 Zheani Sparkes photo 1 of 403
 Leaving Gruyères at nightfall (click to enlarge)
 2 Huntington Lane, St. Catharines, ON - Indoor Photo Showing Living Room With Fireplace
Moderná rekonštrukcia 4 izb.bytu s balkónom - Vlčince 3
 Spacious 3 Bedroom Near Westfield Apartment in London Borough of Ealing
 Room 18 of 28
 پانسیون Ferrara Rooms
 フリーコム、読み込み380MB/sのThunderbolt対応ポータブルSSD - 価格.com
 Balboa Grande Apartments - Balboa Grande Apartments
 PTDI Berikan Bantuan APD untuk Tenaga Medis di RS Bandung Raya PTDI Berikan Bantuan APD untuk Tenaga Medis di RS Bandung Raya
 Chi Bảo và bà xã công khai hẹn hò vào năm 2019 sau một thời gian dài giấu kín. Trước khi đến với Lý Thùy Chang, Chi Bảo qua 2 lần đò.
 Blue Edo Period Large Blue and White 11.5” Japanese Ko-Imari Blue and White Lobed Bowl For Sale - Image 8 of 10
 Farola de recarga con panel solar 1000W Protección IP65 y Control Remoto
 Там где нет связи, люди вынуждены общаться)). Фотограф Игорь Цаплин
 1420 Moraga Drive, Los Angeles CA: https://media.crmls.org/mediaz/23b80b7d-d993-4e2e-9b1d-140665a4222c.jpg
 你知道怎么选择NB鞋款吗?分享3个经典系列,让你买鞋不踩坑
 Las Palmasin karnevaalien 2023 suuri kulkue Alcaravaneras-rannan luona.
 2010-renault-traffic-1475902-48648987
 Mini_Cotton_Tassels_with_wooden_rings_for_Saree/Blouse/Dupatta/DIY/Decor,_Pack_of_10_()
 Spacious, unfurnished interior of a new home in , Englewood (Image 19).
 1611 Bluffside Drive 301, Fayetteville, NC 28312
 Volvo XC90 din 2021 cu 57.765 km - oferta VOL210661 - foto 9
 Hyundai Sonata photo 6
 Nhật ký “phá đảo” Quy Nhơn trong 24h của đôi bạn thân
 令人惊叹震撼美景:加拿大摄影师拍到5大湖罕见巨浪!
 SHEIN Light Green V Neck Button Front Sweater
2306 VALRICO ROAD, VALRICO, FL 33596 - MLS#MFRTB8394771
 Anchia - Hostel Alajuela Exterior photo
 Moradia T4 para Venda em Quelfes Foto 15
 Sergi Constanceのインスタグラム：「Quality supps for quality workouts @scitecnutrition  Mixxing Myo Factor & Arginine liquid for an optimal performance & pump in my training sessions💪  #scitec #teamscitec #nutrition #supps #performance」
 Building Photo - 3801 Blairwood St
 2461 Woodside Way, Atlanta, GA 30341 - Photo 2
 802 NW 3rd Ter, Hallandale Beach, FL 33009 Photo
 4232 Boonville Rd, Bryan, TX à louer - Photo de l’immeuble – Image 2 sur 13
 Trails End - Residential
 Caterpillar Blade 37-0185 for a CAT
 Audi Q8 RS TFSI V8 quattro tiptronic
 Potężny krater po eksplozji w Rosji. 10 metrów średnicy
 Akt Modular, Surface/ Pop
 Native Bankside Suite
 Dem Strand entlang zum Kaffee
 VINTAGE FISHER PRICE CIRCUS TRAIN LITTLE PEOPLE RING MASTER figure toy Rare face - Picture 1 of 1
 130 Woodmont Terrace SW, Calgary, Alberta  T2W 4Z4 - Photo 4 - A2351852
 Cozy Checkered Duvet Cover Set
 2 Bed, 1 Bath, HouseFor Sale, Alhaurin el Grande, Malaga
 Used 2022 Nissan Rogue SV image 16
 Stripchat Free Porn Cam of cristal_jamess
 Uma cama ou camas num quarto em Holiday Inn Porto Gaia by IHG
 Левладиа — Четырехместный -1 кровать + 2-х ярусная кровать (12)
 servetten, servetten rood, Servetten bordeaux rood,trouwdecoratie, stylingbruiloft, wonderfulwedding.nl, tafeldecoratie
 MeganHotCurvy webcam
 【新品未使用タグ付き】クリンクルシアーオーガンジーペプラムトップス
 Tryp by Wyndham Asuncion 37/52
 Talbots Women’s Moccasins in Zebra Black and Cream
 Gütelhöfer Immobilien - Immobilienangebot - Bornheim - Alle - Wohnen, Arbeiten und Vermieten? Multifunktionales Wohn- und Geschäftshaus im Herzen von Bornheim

## Exercise directions
Print each line, exactly as written, from the one that contains "Talbots Women’s Moccasins" to the end of the data above, with both end lines included and nothing else.

## Solution for this problem
 Talbots Women’s Moccasins in Zebra Black and Cream
 Gütelhöfer Immobilien - Immobilienangebot - Bornheim - Alle - Wohnen, Arbeiten und Vermieten? Multifunktionales Wohn- und Geschäftshaus im Herzen von Bornheim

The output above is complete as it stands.